====== Exercise material

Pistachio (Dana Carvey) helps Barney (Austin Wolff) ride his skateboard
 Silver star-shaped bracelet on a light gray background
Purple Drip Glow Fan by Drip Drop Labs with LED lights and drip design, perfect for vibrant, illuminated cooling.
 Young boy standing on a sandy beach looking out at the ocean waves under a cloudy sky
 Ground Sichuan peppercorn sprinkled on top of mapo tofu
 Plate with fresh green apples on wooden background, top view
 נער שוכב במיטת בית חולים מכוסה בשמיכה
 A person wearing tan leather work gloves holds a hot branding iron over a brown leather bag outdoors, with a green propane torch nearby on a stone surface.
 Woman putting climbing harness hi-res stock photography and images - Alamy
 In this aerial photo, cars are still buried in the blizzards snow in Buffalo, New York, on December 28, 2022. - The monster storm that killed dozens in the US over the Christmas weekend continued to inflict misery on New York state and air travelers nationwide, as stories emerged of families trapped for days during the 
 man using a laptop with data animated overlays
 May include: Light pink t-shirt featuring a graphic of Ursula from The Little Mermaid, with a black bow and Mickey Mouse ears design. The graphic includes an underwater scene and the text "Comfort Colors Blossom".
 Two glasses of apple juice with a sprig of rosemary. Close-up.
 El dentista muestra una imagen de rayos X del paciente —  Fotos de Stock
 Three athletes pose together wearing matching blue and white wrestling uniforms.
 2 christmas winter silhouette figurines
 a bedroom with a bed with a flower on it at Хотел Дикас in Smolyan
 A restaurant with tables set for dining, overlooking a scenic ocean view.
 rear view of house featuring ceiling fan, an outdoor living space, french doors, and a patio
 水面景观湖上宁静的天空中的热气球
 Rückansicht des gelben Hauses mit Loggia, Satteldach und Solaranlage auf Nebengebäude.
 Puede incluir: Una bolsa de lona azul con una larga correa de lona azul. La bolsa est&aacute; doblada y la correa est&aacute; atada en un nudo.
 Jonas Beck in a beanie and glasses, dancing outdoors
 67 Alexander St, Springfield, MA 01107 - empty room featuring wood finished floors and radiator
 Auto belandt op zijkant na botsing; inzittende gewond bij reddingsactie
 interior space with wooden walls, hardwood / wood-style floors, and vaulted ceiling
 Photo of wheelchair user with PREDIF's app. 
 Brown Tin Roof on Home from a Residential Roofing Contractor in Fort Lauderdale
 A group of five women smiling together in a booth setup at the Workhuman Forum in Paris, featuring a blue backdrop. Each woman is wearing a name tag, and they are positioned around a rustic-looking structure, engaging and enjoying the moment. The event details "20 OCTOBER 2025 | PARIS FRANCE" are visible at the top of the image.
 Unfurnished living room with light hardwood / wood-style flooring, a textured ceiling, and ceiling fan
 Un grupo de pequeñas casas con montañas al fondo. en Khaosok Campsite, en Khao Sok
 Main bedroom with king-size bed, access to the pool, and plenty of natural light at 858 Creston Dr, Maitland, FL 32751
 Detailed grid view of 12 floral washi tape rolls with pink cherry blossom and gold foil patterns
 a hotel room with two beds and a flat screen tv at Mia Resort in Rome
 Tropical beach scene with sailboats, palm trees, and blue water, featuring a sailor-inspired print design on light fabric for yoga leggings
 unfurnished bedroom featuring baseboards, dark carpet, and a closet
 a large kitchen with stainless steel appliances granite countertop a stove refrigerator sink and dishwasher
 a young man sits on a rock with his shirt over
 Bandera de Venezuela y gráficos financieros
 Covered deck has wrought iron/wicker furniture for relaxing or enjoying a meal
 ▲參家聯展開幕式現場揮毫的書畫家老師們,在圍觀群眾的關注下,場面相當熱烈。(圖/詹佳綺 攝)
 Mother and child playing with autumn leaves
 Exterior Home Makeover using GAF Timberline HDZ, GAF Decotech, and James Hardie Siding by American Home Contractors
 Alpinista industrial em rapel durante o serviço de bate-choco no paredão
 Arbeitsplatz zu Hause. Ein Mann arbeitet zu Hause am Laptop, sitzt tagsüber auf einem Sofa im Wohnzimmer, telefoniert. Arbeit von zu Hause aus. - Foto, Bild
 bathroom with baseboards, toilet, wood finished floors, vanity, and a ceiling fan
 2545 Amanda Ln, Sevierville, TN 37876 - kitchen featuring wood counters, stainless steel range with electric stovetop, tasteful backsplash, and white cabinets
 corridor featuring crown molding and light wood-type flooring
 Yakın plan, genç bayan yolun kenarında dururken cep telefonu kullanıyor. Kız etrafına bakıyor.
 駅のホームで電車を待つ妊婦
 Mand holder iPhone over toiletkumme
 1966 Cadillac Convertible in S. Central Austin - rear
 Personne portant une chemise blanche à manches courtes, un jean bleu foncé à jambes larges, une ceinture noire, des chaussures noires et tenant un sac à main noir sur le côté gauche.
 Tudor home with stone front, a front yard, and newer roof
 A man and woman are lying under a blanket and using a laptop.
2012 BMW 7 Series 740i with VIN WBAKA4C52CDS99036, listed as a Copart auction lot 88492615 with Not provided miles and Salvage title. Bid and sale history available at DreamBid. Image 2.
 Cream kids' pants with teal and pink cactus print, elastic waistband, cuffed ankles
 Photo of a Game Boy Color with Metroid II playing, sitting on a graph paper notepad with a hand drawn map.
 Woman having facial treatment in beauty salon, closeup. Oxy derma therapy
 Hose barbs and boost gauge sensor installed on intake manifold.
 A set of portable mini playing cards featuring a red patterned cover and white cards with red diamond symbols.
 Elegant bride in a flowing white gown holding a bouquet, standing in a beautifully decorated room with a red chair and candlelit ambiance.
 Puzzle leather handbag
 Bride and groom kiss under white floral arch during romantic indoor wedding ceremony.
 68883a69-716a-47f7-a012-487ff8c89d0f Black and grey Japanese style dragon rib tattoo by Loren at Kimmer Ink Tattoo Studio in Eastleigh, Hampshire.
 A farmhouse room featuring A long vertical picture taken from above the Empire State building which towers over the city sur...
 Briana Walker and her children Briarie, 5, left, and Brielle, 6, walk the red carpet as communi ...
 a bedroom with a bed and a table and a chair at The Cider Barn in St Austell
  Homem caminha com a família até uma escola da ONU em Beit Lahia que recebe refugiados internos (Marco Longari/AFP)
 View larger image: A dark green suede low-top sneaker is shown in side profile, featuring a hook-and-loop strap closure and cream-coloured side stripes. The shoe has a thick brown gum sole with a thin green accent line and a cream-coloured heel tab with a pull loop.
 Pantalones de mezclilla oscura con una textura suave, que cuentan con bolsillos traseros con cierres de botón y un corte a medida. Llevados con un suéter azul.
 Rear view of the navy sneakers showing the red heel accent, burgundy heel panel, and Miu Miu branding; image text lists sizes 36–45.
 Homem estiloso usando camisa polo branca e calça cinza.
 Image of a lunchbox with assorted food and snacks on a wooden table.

============

#### [Exercise requirements]
In the entries above, find the line with "Personne portant une" and the line with "Cream kids' pants", then restate word for word both of them and every line between, with nothing more.

#### [Answer to the problem]
 Personne portant une chemise blanche à manches courtes, un jean bleu foncé à jambes larges, une ceinture noire, des chaussures noires et tenant un sac à main noir sur le côté gauche.
 Tudor home with stone front, a front yard, and newer roof
 A man and woman are lying under a blanket and using a laptop.
2012 BMW 7 Series 740i with VIN WBAKA4C52CDS99036, listed as a Copart auction lot 88492615 with Not provided miles and Salvage title. Bid and sale history available at DreamBid. Image 2.
 Cream kids' pants with teal and pink cactus print, elastic waistband, cuffed ankles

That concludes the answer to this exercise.